While valuable, these sources are not always easily accessible through commercial threat intelligence platforms. Additionally, commercial data solutions, such as APIs, often deliver raw data in formats unsuitable for developing AI in the intelligence community.

How does public online data support AI and national security, and how can these feeds more effectively meet defense requirements for AI development?


AI and national security: The value of online data

AI applications in defense rely on training data from a variety of inputs. These could include technical cybersecurity feeds, aerial photography, or data from physical sensors in the field.

From these available databases, data scientists can develop machine learning models that automatically detect cyberattacks, monitor on-the-ground enemy activity, direct autonomous vehicles, and inform a plethora of other national security strategies.

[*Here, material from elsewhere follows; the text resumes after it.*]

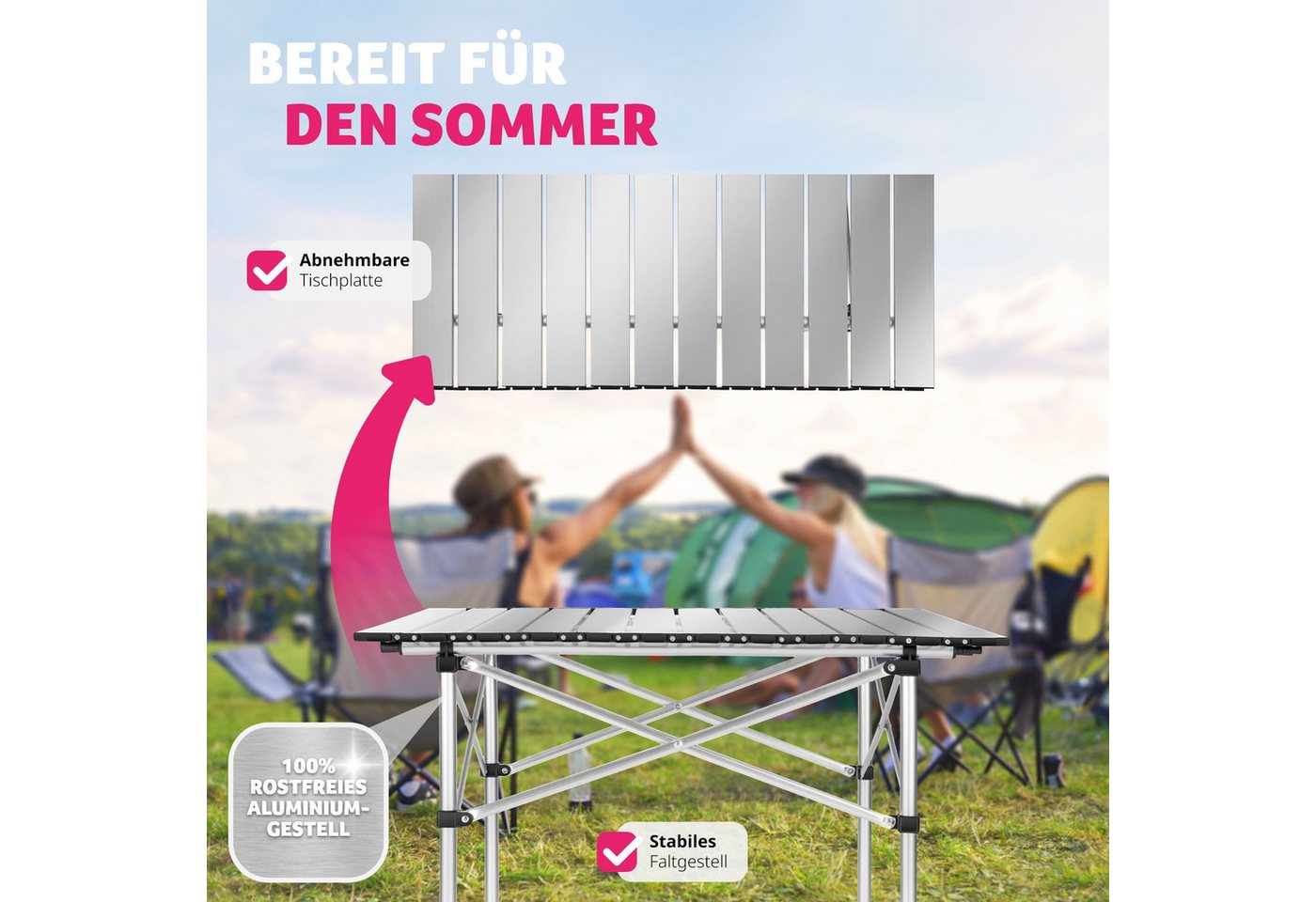 tectake Campingtisch Aluminium-Camping-Klapptisch, 70 x 70 x 70 cm, lässt sich klappen (Outdoor-Tisch, 1-St., in grau), Wetterbeständig, bodenschonende Kunststo – Bild 3 von 5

Publicly available online data, specifically from social, deep, and dark web sources, is increasingly valuable for supporting a variety of AI applications in defense. For example:

  • Communication channels across the deep and dark web often signal targeted cybersecurity threats, like leaked classified data or coordinated malware attacks. Combining these sources with technical feeds like network traffic data creates a more robust artificial intelligence and national security strategy for addressing cyber risks.
  • A variety of online spaces — from mainstream social networks to fringe sites like 4chan and 8kun — are used by extremist groups worldwide to sow disinformation, recruit, and plan violent attacks. Machine learning models are now required to monitor online extremism, as its growth and obfuscation techniques are surpassing current detection algorithms and human analysis. AI can help locate intentionally obfuscated chatter and imminent threat indicators like manifestos and planned attacks.
  • AI is used by foreign nation-states to conduct information warfare both domestically and abroad. Conversely, military technology like AI helps monitor these targeted disinformation threats for intelligence applications.
  • For some military operations, AI supports stronger command and control systems, which analyze data feeds from multiple domains in a centralized display. Cross-referencing data points from online social, deep, and dark web sources allows defense analysts to get more value from other feeds, expand AI functionality, and persistently monitor environments more effectively.

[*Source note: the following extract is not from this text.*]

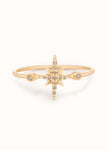 Céline Daoust 14kt light yellow gold or white gold with pave diamond north star ring.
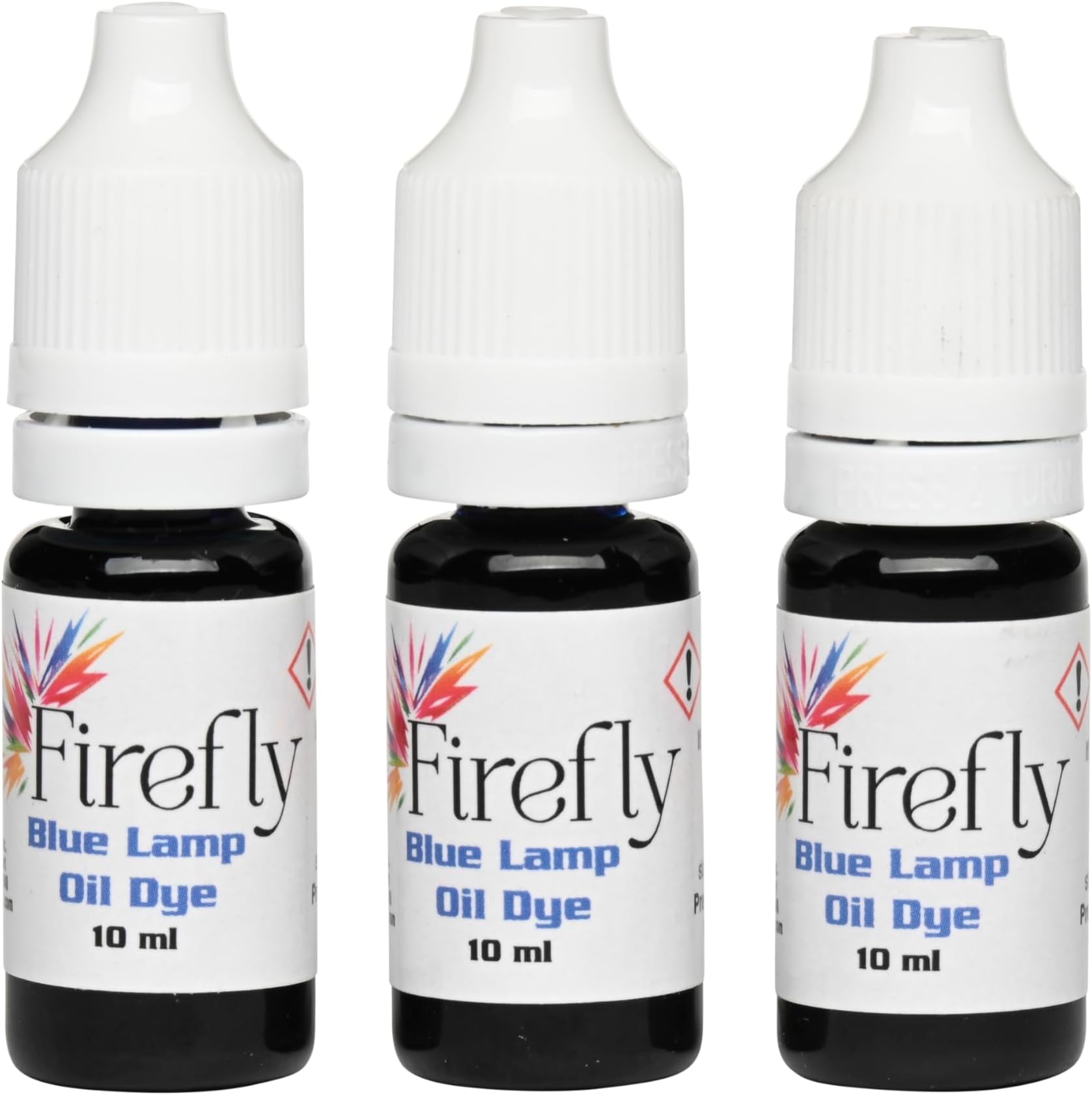 Firefly Fuels Lamp Oil Dye – Blue Color Drops for Paraffin or Tiki Torch Fuel - Custom-Colored Lamp Oils for Holiday Decor, DIY Projects, and Liquid Light Effects – 3 x 10ml Bottles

Data leak targeting an ordnance supplier on Pastebin — discovered by Echosec Systems


Making online data “AI-ready”

While online data sources are valuable for developing AI in defense, aggregating data from a variety of online spaces efficiently is only half the battle. Data scientists in defense must also be able to collect, organize, and store data optimally for AI applications — a process that the JAIC describes as getting “AI-ready.”

“...the transition to AI ready systems will require the implementation of methodical and highly deliberative processes for collecting and curating data.”
The JAIC, June 2020

As stated by the United States Congressional Research Service, most commercial innovations supporting AI serve the private sector, not federal requirements. Consequently, many off-the-shelf threat intelligence platforms and APIs gathering social, deep, and dark web data do not organize and store data for effective AI development in defense.

Data scientists in defense require solutions that not only aggregate relevant data efficiently — but are also underpinned by a well-maintained data lake. This means gathering a wide variety of data sources and types, effectively cataloguing this data, and collecting a large enough database to build effective machine learning models.

As a result, any structured or unstructured data collected online is ready for supporting AI development.

To meet this need, many vendors have developed a proprietary API that combines well-known sources like dark web marketplaces and mainstream social networks with obscure social sources on the deep and dark web. The solution, built with a data lake, allows data scientists to integrate unstructured data from these sources and effectively develop machine learning models for defense initiatives.

The API also includes built-in machine learning models, which allow analysts to get up and running quickly on a number of common defense use cases — including automatic detection of data disclosure and PII.

Public social, deep, and dark web data is increasingly valuable for informing national security initiatives. However, data scientists require this unstructured data to be collected, curated, and stored specifically for AI development — which is not always possible through existing commercial APIs and threat intelligence platforms.

Even as defense departments worldwide invest more in AI, emerging technology often evolves faster than public policy. Solutions that deliver “AI-ready” data will allow governments to keep up with AI technologies and more effectively integrate them into defense environments. This will ultimately drive more effective, scalable, and better-informed national security strategies.